No discussion on political art would be complete without mention of the following:

Pablo Picasso, Guernica

On April 26, 1937, German and Italian planes launched an aerial attack on the Spanish town of Guernica. The bombing – done at the request of Francisco Franco – shattered the city’s defenses, and allowed Franco’s Nationalists to overrun it.

While the number of deaths has been widely debated, the raids destroyed the majority of Guernica, and transformed the sleepy Spanish town into an everlasting symbol of civilian suffering.

Picasso – who was living in Paris at the time – was so affected by these raids, that he immediately began work on what would become his greatest political masterpiece, Guernica.

The mural sized painting was first displayed in the Spanish Pavilion at the 1937 World’s Fair, but was later sent to the United States to raise funds and support for Spanish refugees. Vowing that Guernica wouldn’t return to Spain so long as Franco was in power, Picasso requested that it be temporarily housed in the Museum of Modern Art in New York City.

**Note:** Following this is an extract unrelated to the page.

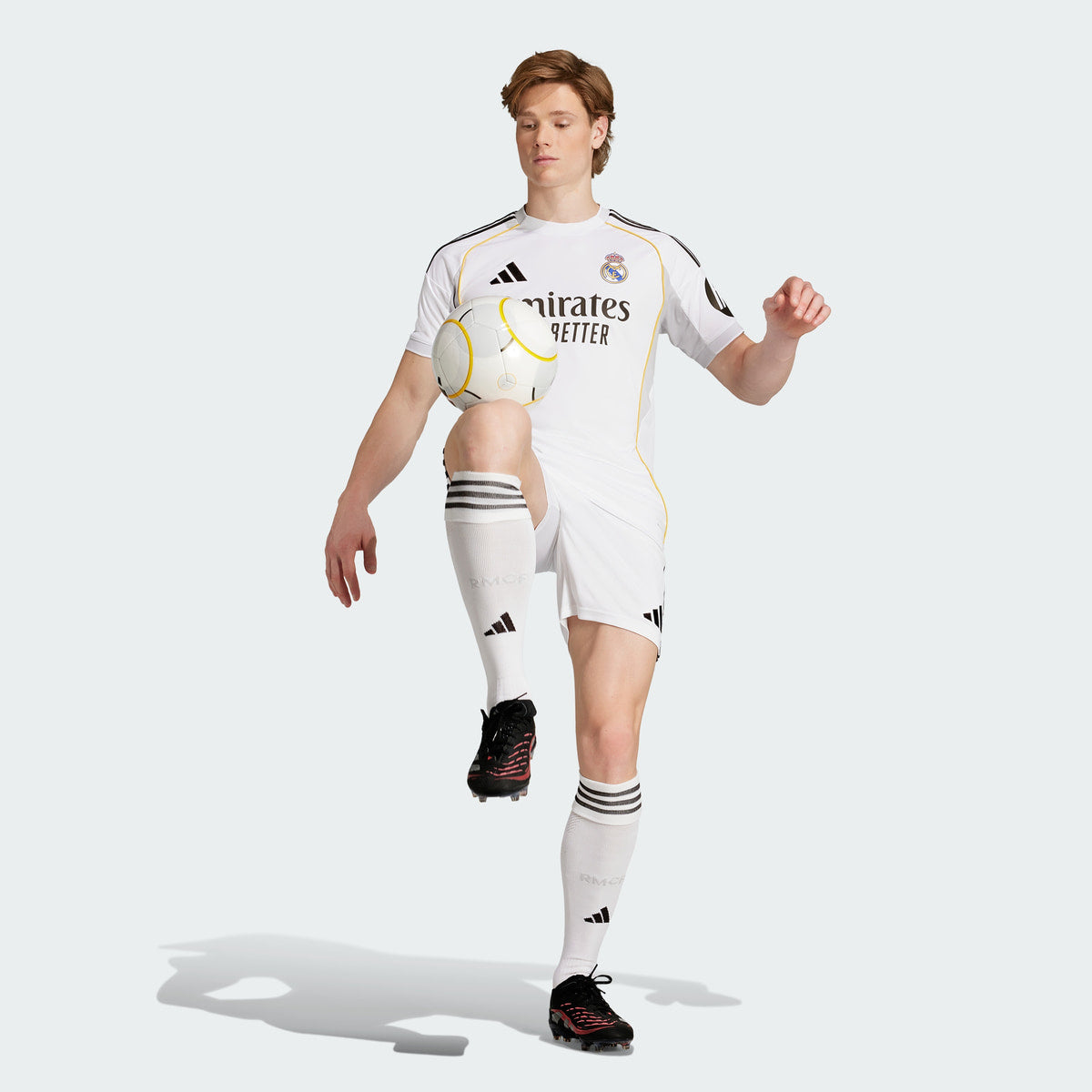 Home 25/26 Shorts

In 1981 – six years after the death of Franco  – it returned to Spain.

In the years since its creation, Guernica has become a powerful cultural icon that speaks to humanity not only against war, but also of hope and peace.

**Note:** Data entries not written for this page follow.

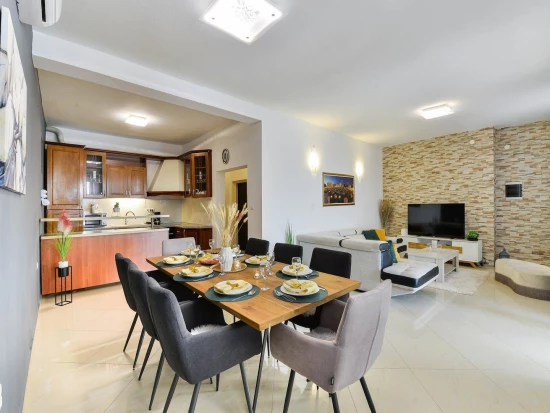 Domek Severní Dalmácie - Galovac (Zadar) DA 17153 N1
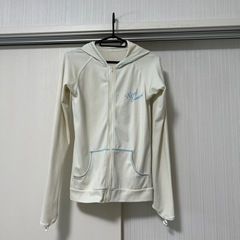 ラッシュガード　レディース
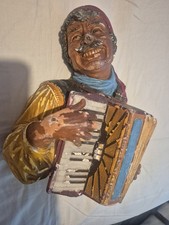Large bossons head for sale  RUSHDEN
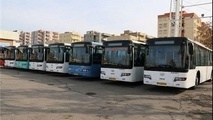 
آغاز طرح کنترل ناوگان مسافری در استان سمنان
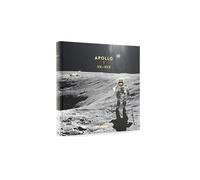 Apollo VII-XVII (Revised and Extended Edition) /anglais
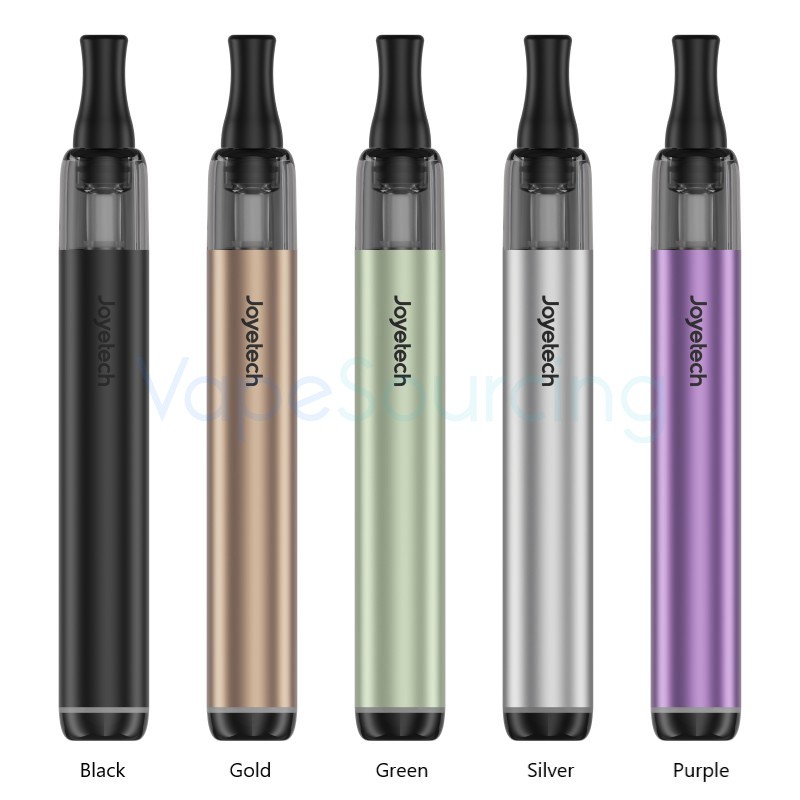 joyetech eroll slim pro vape pen all colors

The Guerrilla Girls, Do women have to be naked to get into the Met. Museum?

In 1985,  the Museum of Modern Art (in New York City) held an exhibition titled An International Survey of Recent Painting and Sculpture. Of the 169 artists on display, only 13 were female.

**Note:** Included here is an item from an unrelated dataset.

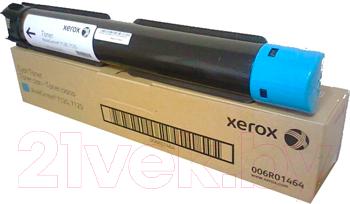 Тонер-картридж Xerox 006R01464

In response to the show, a group of anonymous female artists decided to speak out against the sexism of the art world. They called themselves the Guerrilla Girls, and owing to their new name, they wore gorilla masks to hide their identities.

Since its formation, the group has fought for female artists by making curators, dealers, and even critics accountable. They do this, in part, by producing posters that list the number of male and female artists on display in major museums. Ironically, many of these posters have entered the collections of the museums they renounce.

While the world, and by extension the art world, has changed a lot since 1985, inequality still exists, and because of it, the Guerrilla Girls have yet to hang up their masks.

Ai Weiwei, Remembering

On May 12, 2008, an earthquake measuring 8.0 on the richter scale, rocked the Chinese province of Sichuan. Known simply as The Great Sichuan Earthquake, it  killed 69,195 people, and left 18,392 missing.

Amidst the chaos, many schools collapsed, and thousands of children lost their lives. When he visited the area, Ai Weiwei noticed that it was littered with school supplies. Knowing that the buildings collapsed as a result of poor construction, and knowing that the Chinese authorities would attempt to cover it all up, Weiwei decided to create the installation Remembering.

Constructed from nine thousand children’s backpacks, Remembering was installed on the façade of the Haus der Kunst in Munich, Germany in 2009. Among the backpacks was the sentence “She lived happily for seven years in this world.” It was spelled out in Chinese characters, and was a direct quote from one of the children’s mothers.

For his outspoken efforts, Ai Weiwei has been beaten (see above photo) and detained. Throughout it all, he has remained defiant.